Hey all!
While working on some maintenance scripts for TimedMediaHandler I've been trying to make it easier to do scripts that use multiple parallel processes to run through a large input set faster.
My proposal is a ForkableMaintenance class, with an underlying QueueingForkController which is a refactoring of the OrderedStreamingForkController used by (at least) some CirrusSearch maintenance scripts.
Patch in progress: https://gerrit.wikimedia.org/r/#/c/mediawiki/core/+/451099/
The expected use case is a relatively long loop of reading input data interleaved with running CPU-intensive or DB-intensive jobs, where the individual jobs are independent and order of input is not strongly coupled. (Ordering of _running_ of items on the child processes is not guaranteed, but the order of result processing is guaranteed to be in the same order as input, making output across runs predictable for idempotent processing.)
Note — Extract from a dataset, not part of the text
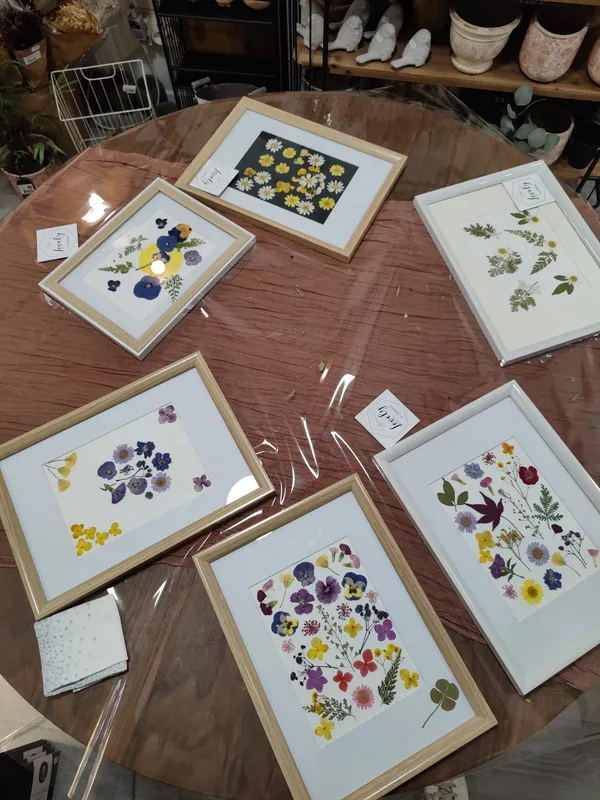 Réalisez votre herbier en fleurs séchées - Image n°2 - Wecandoo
A simple ForkableMaintenance script might look like:
class Foo extends ForkableMaintenance { // Handle any input on the parent thread, and // pass any data as JSON-serializable form into // the queue() method, where it gets funneled into // a child process. public function loop() { for ( $i = 0; $i < 1000; $i++) { $this->queue( $i ); } }
// On the child process, receives the queued value // via JSON encode/decode. Here it's a number. public function work( $count ) { return str_repeat( '*', $count ); }
// On the parent thread, receives the work() return value // via JSON encode/decode. Here it's a string. public function result( $data ) { $this->output( $data . "\n" ); } }
Because data is serialized as JSON and sent over a pipe, you can't send live objects like Titles or Pages or Files, but you can send arrays or associative arrays with fairly complex data.
There is a little per-job overhead and multiple threads can cause more contention on the database server etc, but it scales well on the subtitle format conversion script I'm testing with, which is a little DB loading and some CPU work. On an 8-core/16-thread test server:
threads runtime (s) speedup 0 320 n/a 1 324 0.987654321 2 183 1.74863388 4 105 3.047619048 8 66 4.848484848 16 58 5.517241379
I've added a phpunit test case for OrderedStreamingForkController to make sure I don't regress something used by other teams, but noticed a couple problems with using this fork stuff in the test runners.
First, doing pcntl_fork() inside a phpunit test case has some potential side effects, since there's a lot of tear-down work done in destructors even if you call exit() after processing completes. As a workaround, when I'm having the child procs send a SIGKILL to themselves to terminate immediately without running test-case destructors.
Second, probably related to that I'm seeing a failure in the code coverage calculations -- it's seeing some increased coverage on the parent process at least but seems to think it's returning a non-zero exit code somewhere, which marks the whole operation as a failure:
https://integration.wikimedia.org/ci/job/mediawiki-phpunit-coverage-patch-do...
Worst case, can probably exclude these from some automated tests but that always seems like a bad idea. :D
If anybody else is using, or thinking about using, ForkController and its friends and wants to help polish this up, give a shout!
-- brion
On Sun, Aug 12, 2018 at 4:48 AM, Brion Vibber bvibber@wikimedia.org wrote:
While working on some maintenance scripts for TimedMediaHandler I've been trying to make it easier to do scripts that use multiple parallel processes to run through a large input set faster.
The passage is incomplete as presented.